Ritornano alla mente invece i momenti divertenti, i luoghi che hai potuto visitare tra Vercelli e dintorni, incluso Santhià, e le persone che hai conosciuto. Tra i ricordi più curiosi i 15 giorni che trascorrevamo, periodicamente, in un manipolo di 30 soldatini giovinastri, nella città di Alba, (proprio quella della Ecomaratona del Barbaresco e del Tartufo), a presidiare una cosiddetta caserma-deposito di materiale. Eravamo di fatto l contingente che arricchiva un presidio fisso, formati da 1 colonnello ed 1 Maresciallo, e noi praticamente la “forza” che dava sostanza, e sorveglianza, ad un Comando senza organico.

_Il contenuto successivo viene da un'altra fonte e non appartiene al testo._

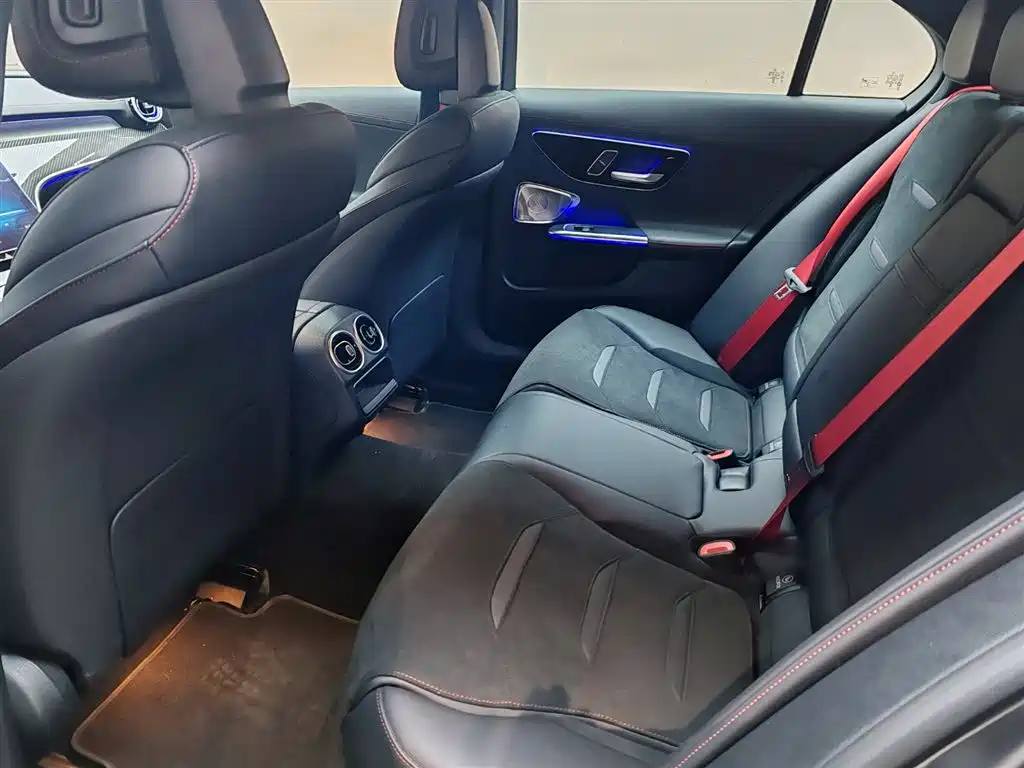 Mercedes-Benz C-Class AMG 2025 — фото 17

Ma oltre questi ricordi, mi sono venute tante idee: mi ripeto continuamente che questa esperienza di stare di più a casa mi ha dato la possibilità di abbassare i ritmi frenetici che hanno caratterizzato i mesi precedenti e soprattutto hanno messo in moto i pensieri e le idee, per il presente e per il futuro. Dobbiamo essere pronti per le fasi successive e dobbiamo portarci dietro gli stimoli che in questo periodo abbiamo maturato: il futuro si prepara con il presente.
“Faber est suae quisque fortunae”,
“Ognuno è artefice del proprio destino”.
E qui un idea al Presidente Paolo ed a tutti: ottima l’idea di raccogliere le storie ma, vedendo i disegni che ai balconi dicono “Andrà tutto bene”, suggerirei di raccogliere, tramite i Supermaratoneti che hanno bambini di far esprimere i loro pensieri sulla Maratona con disegni che arricchiranno il volume delle 11 maratone della Speranza.
Speranza per noi ma soprattutto speranza per i bambini che sono il Futuro del Mondo.